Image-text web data

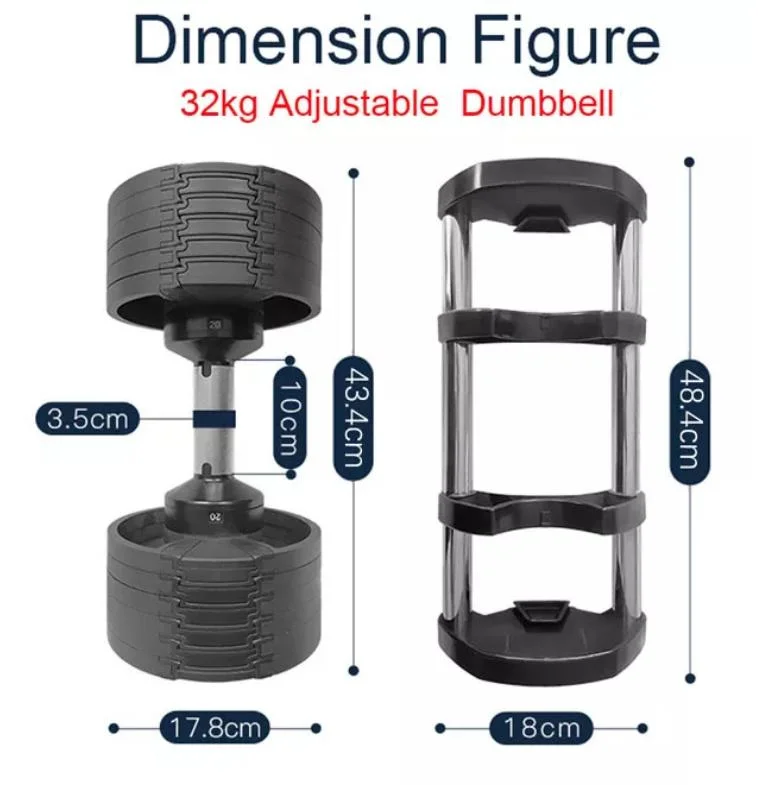 Customized Logo Adjustable Gym Weight 20kg 24kg 32kg 40kg Chrome Barbell Dumbbell Set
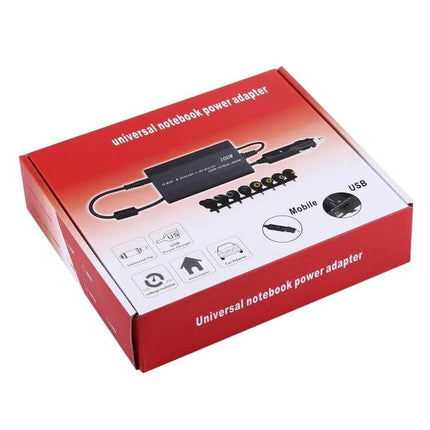 Universal 100W Laptop Charger with Multiple Adapters for Devices packed in red retail box showing charger, multiple tips and USB for travel and home use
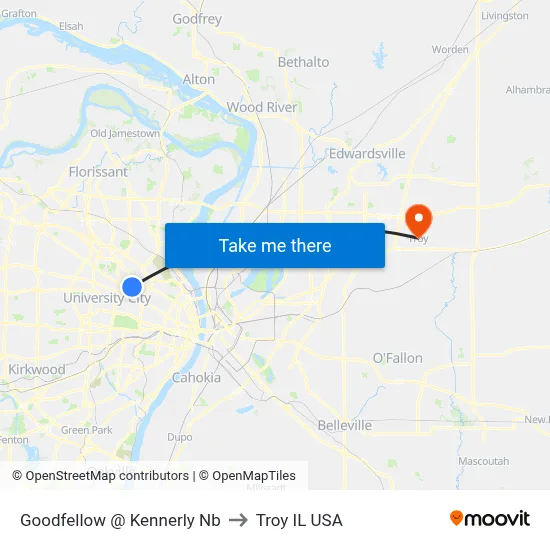 Goodfellow @ Kennerly Nb to Troy IL USA map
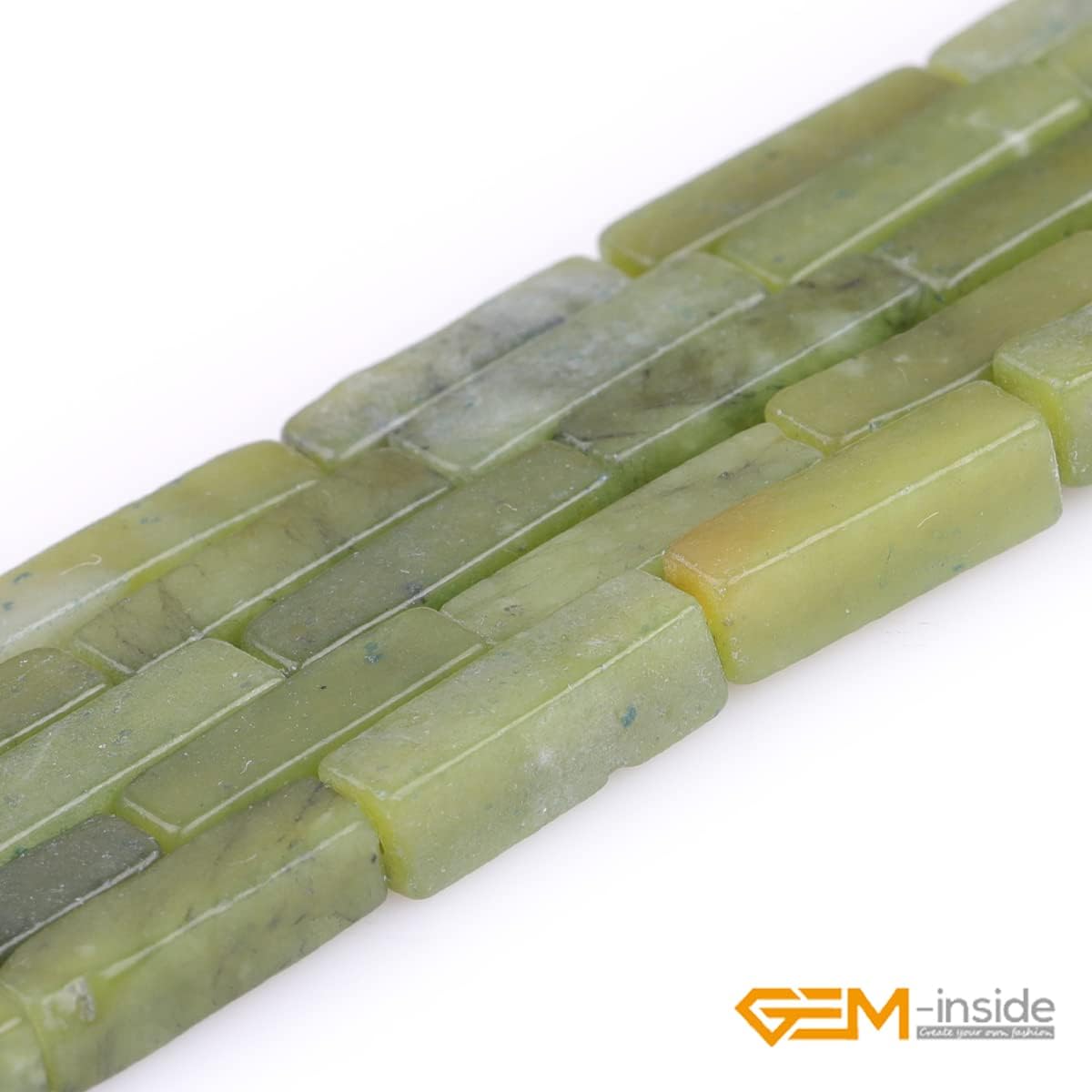 GEM-Inside – Tubo cuadrado rectangular de jade de nefrita verde natural de 0.157 x 0.512 in, cubo de columna cuboide, cuentas de piedra de chakras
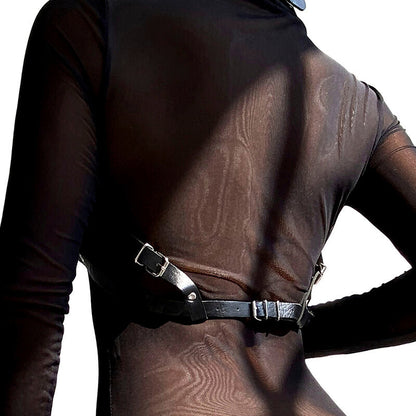 SUBBLIME - LEATHER CHEST HARNESS BLACK ONE SIZE - Happytoys Sexshop: online sex shop for Feeling Happy & Easy 😊 - Discreet geleverd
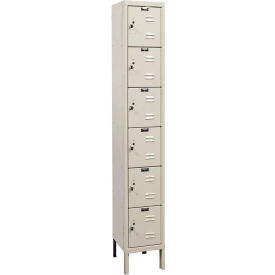 Hallowell U1258-6A-PT Hallowell® 6-Tier 6 Door Premium Locker, 12"W x 15"D x 78"H, Tan, Assembled image.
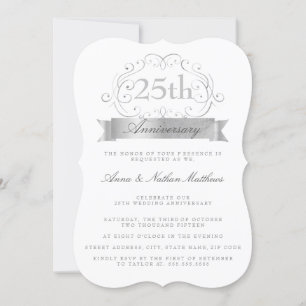 Silver Wedding 25th Jubileum Invite Kaart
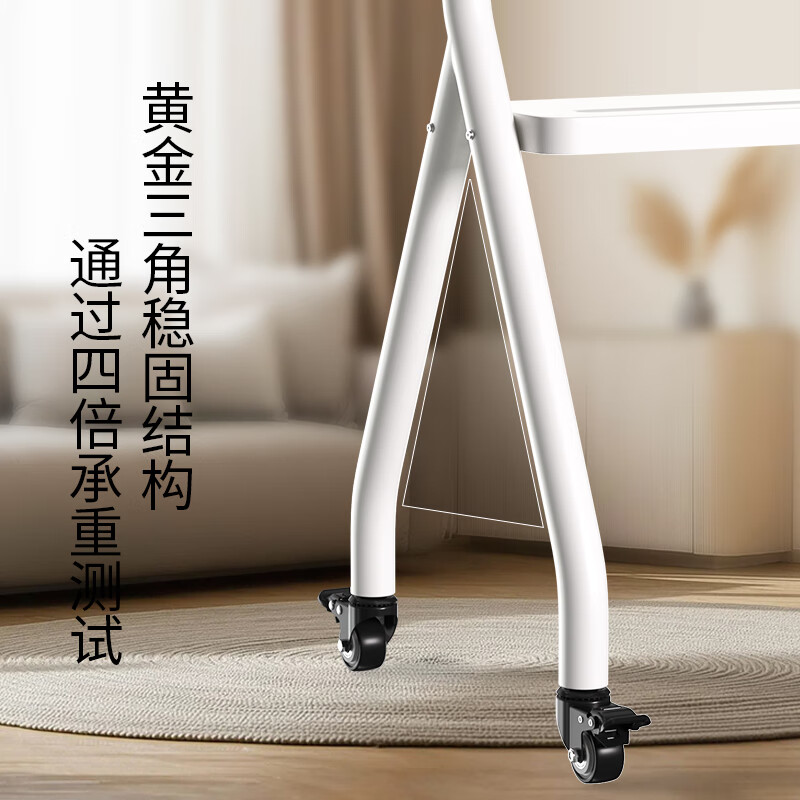 TAZD TV mobile floor stand stainless steel cart 32-75 100 inches suitable for Xiaomi Hisense Huawei Skyworth Sony tcl brand universal TV stand home rack 32-65 Yuebai white model/fashion minimalist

Task brief
Repeat the entries exactly, pictures left out.

Worked solution
 Customized Logo Adjustable Gym Weight 20kg 24kg 32kg 40kg Chrome Barbell Dumbbell Set
 Universal 100W Laptop Charger with Multiple Adapters for Devices packed in red retail box showing charger, multiple tips and USB for travel and home use
 Goodfellow @ Kennerly Nb to Troy IL USA map
 GEM-Inside – Tubo cuadrado rectangular de jade de nefrita verde natural de 0.157 x 0.512 in, cubo de columna cuboide, cuentas de piedra de chakras
 SUBBLIME - LEATHER CHEST HARNESS BLACK ONE SIZE - Happytoys Sexshop: online sex shop for Feeling Happy & Easy 😊 - Discreet geleverd
 Hallowell U1258-6A-PT Hallowell® 6-Tier 6 Door Premium Locker, 12"W x 15"D x 78"H, Tan, Assembled image.
 Silver Wedding 25th Jubileum Invite Kaart
 TAZD TV mobile floor stand stainless steel cart 32-75 100 inches suitable for Xiaomi Hisense Huawei Skyworth Sony tcl brand universal TV stand home rack 32-65 Yuebai white model/fashion minimalist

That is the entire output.